====== The data

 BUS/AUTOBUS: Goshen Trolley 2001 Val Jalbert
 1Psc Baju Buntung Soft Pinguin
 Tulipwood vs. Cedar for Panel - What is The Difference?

============
====== The data

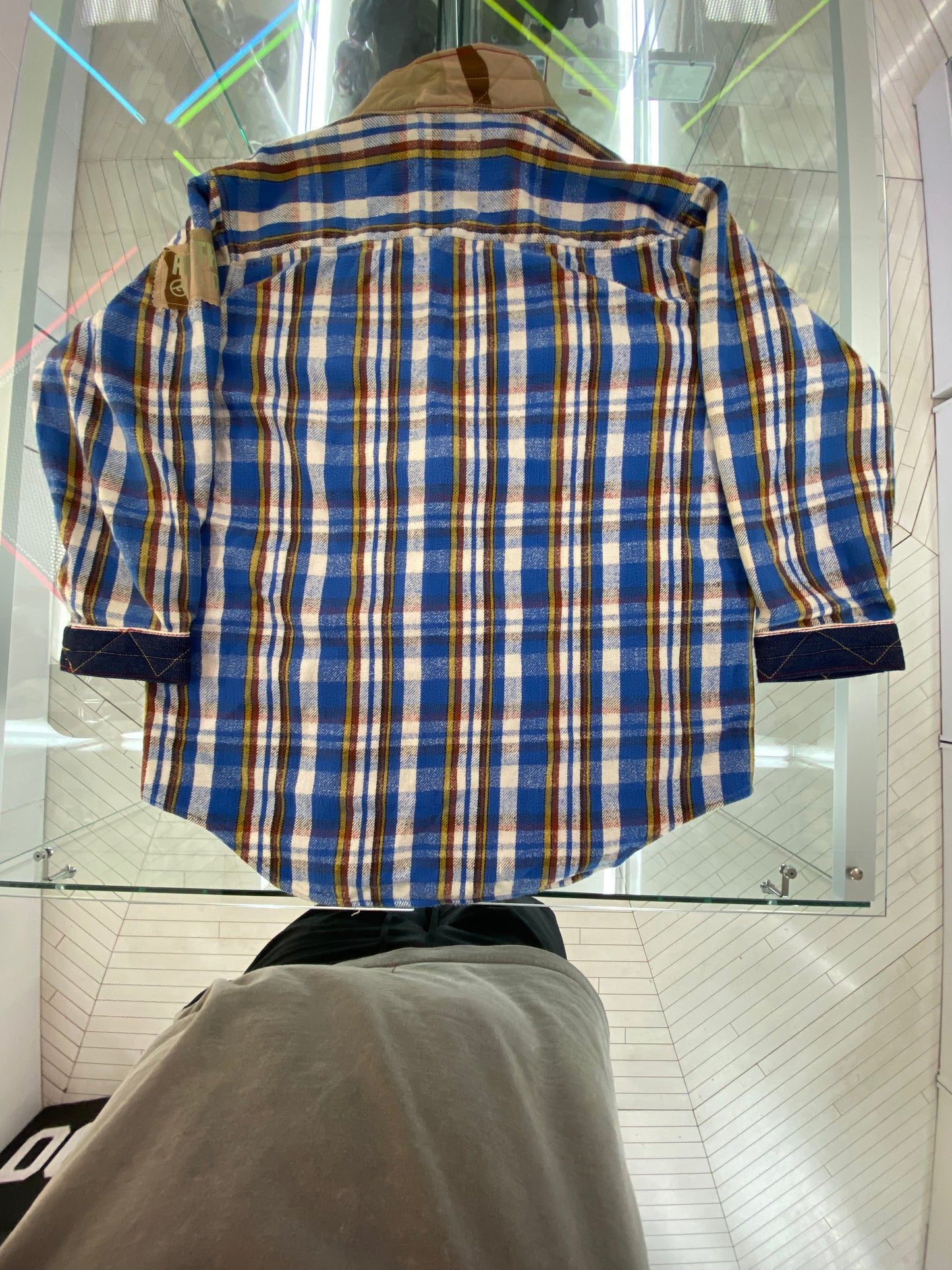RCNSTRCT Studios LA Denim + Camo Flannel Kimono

============

= Task directions =
Only the lines from the one containing "BUS/AUTOBUS: Goshen Trolley 2001 Val Jalbert" through the one containing "Tulipwood vs. Cedar" are to be retyped, both boundary lines included, with no other material.

= Answer to this exercise =
 BUS/AUTOBUS: Goshen Trolley 2001 Val Jalbert
 1Psc Baju Buntung Soft Pinguin
 Tulipwood vs. Cedar for Panel - What is The Difference?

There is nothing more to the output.